Natural Sounding Text to Speech?

SVOX pico2wave

A very minimalistic TTS, a better sounding than espeak or mbrola (to my mind). Some information here.

I don't understand why pico2wave is, compared to espeak or mbrola, rarely discussed. It's small, but sounds really good (natural). Without modification you'll hear a natural sounding female voice.

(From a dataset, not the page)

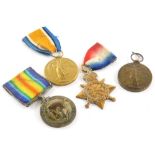 A WWI 1914-18 Campaign medal awarded to a Corporal H Peet of The South Staffordshire Regiment, a Vic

AND ... compared to Mbrola, it recognise Units and speaks it the right way!
For example:

  • 2°C → two degrees
  • 2m → two meters
  • 2kg → two kilograms

After installation I use it in a script:

#!/bin/bash
pico2wave -w=/tmp/test.wav "$1"
aplay /tmp/test.wav
rm /tmp/test.wav

Then run it with the desired text:

<scriptname>.sh "hello world"

or read the contents of an entire file:

<scriptname>.sh "$(cat <filename>)"

That's all to have a lightweight, stable working TTS on Ubuntu.


SpeakIt!

I believe Ive found the best TTS software for free using a Google Chrome extension called "SpeakIt". This only works in the Chrome browser for me on Ubuntu. It doesnt work with Chromium for some reason. SpeakIt comes with two female voices which both sound very realistic compared to everything else out there. There are at least four more male & female voices listed s Chrome extensions if you search the Chrome Web Store using "TTS" as your query.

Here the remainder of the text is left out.